If you have a related question, please click the "Ask a related question" button in the top right corner. The newly created question will be automatically linked to this question.

C66xx optimizer bug at higher optimization levels

I am using CGT 7.3.1.  If I compile the attached file using -mv6600 -O2 -DSIZE=24, the time it takes to compile roughly doubles when I increase SIZE by one -- for example, 15 seconds when SIZE=24, 29 seconds when SIZE=25, 57 seconds when SIZE=26, and so forth (most of the time seems to be spent in opt6x).  My desired value for SIZE is large enough to put the compile time in years, assuming the pattern holds.  If I compile just using -O2, or with -mv6600 -O1, it finishes quickly.

Is this a known problem?  Is there a better workaround than to put this function in its own file and reduce the optimization level for that particular file?  (Please pardon it being attached as a .txt; the forum software rejected a .c extension.)

struct data
{
	int GBi[SIZE];
};

int min_gbi_(struct data *const input[], int count)
{
	int min_gbi = 2048;
	int it;
	int ix;

	for (it = 0; it < count; ++it)
	{
		for (ix = 0; ix < SIZE; ++ix)
		{
			if (min_gbi > input[it]->GBi[ix])
			{
				min_gbi = input[it]->GBi[ix];
			}
		}
	}

	return min_gbi;
}

  • The compiler is completely unrolling the inner loop.  You can inhibit that by adding "#pragma UNROLL(1)" in front of it.  (Or use any other reasonable unroll factor.)

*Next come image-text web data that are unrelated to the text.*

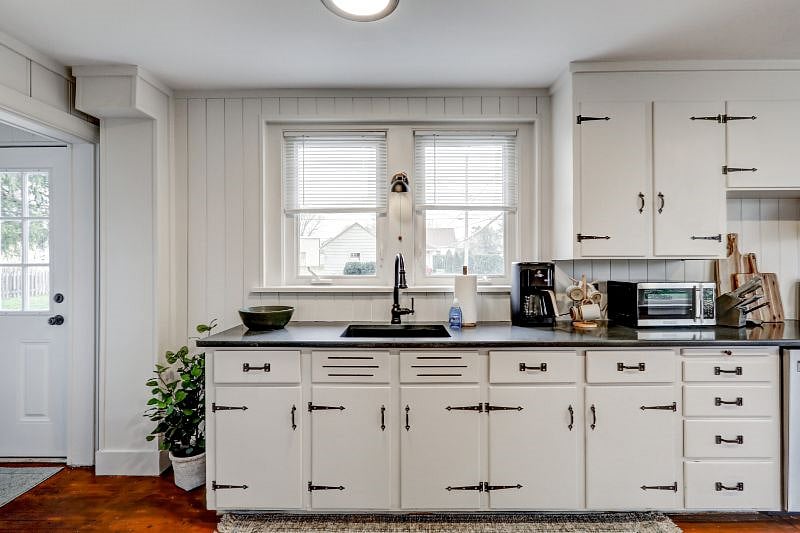 Furnished Finder property 372101_1 photo 27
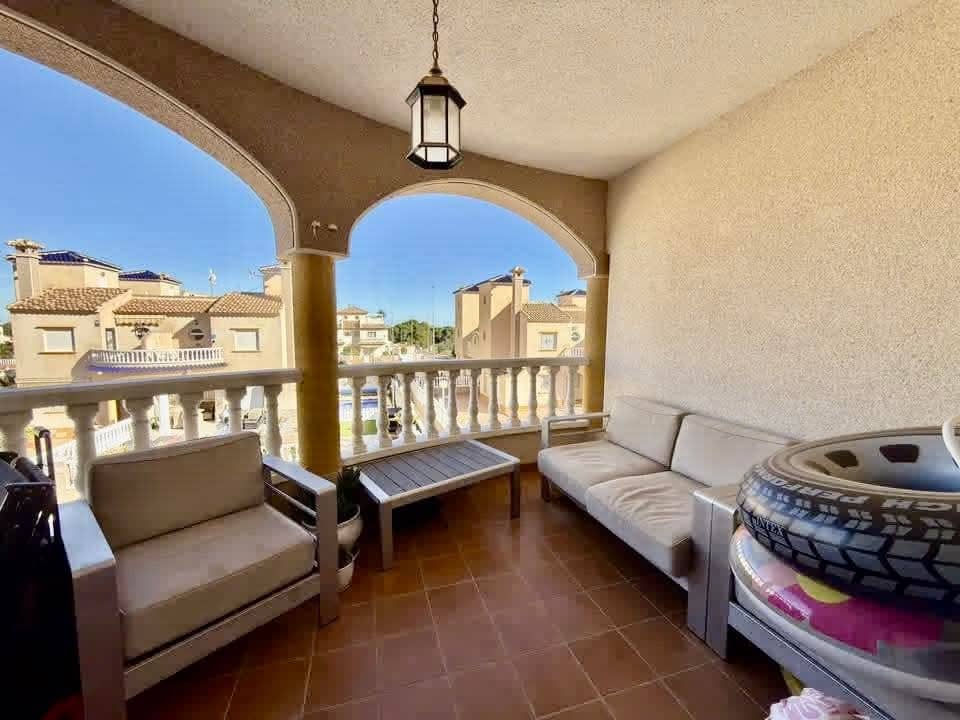 2 bedroom Apartment for sale in Cabo Roig with pool - € 169,000 (Ref: 9731267)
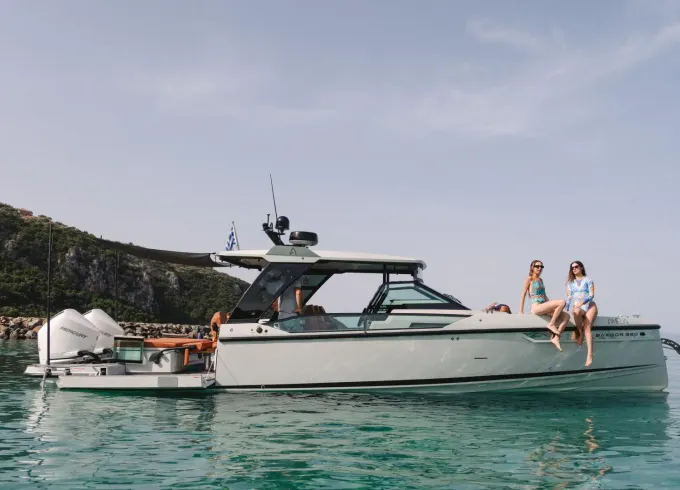Saxdor 320 (2024) Luxury Brand New Speedboat in Kalamata, Greece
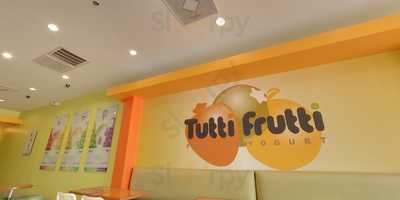Tutti Frutti Frozen Yogurt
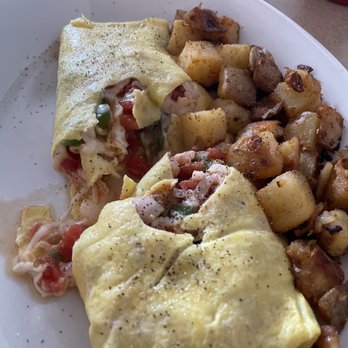 Valerie’s Scratch Kitchen - Mexican Omelet with home fries - American Near Me - Biddeford, Maine Valerie’s Scratch Kitchen - Mexican Omelet with home fries - American Near Me - Biddeford, Maine
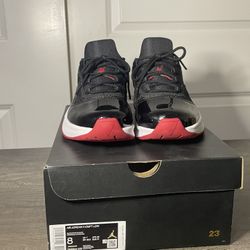 Air Jordan 11 CMFT Low (Black/Gym Red/White)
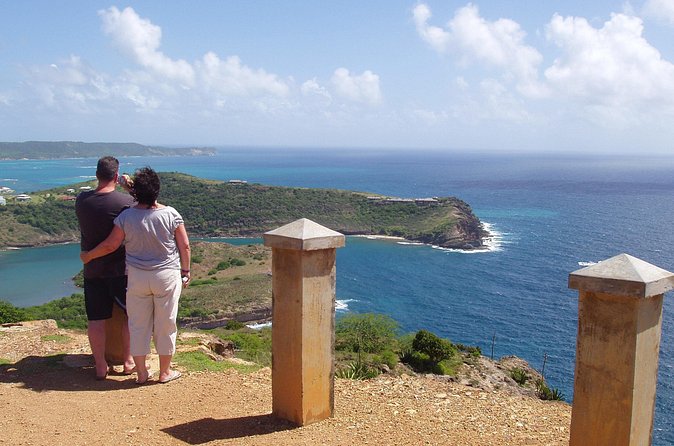 Island Safari Discovery - A plantation stop with an honest look at slavery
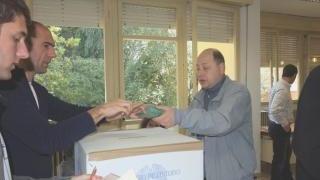 Le operazioni di voto in un seggio della città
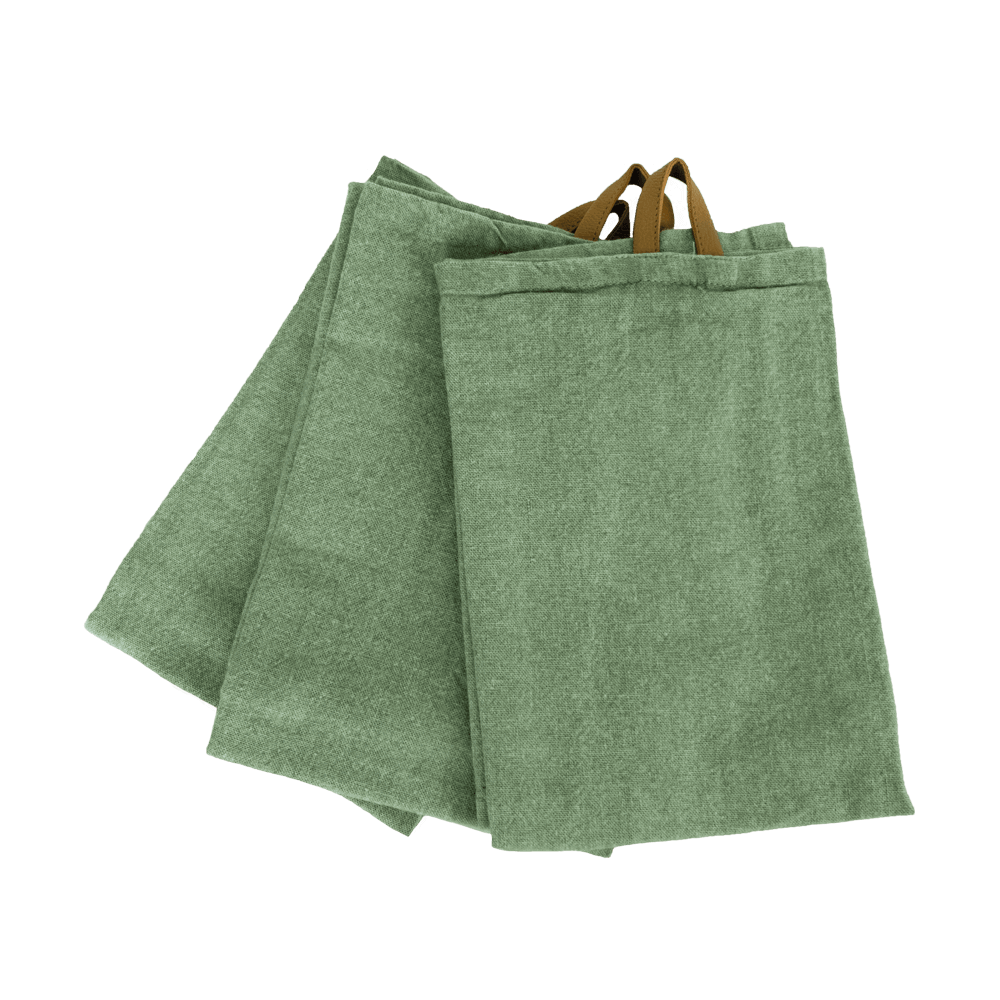 Geschirrtücher im 3er Set in der Farbe grün. Die Aufhänger der Geschirrtücher sind aus Leder. Ohne Hintergrund abgebildet.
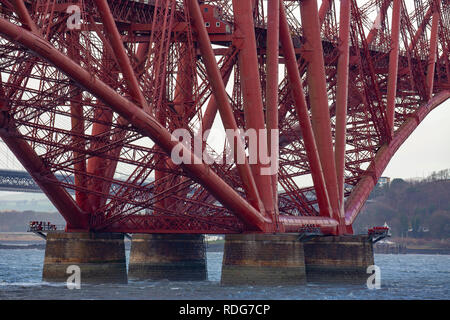 Close up de la sections structurelles de la Forth Bridge à Edinburgh, Ecosse, Royaume-Uni Banque D'Images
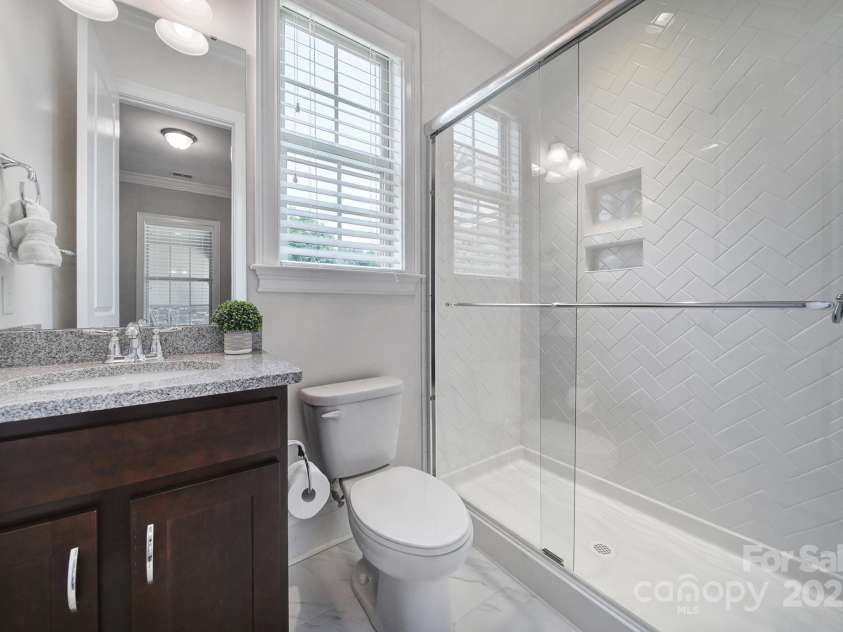 325 Newington Court, Fort Mill, SC 29715.  MLS# CAR4278377, YatesRealty ID 25338. 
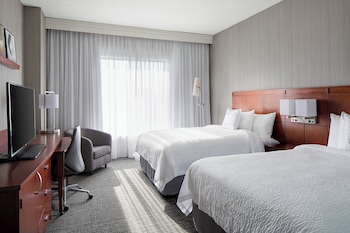 Room, 2 Queen Beds, Roll-in Shower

    Complete unrolling stops at SIZE=40 in this example;  with 40 and above I see compilation times of less than a second.

    Adding an optimise-for-space option like -ms1 or -mf2 (I believe those two are equivalent) will also inhibit complete unrolling.

     

  • Hm.  Compiling with even SIZE values of at least 40 does finish in less than a second here -- but if I use SIZE=41 or SIZE=43, it triggers the exponential behavior.  It's just my luck that the case I care about has an odd SIZE with few useful divisors for unrolling :)

    Using -ms1 also avoids the problem, and is probably what I want for this code anyway.  Thank you!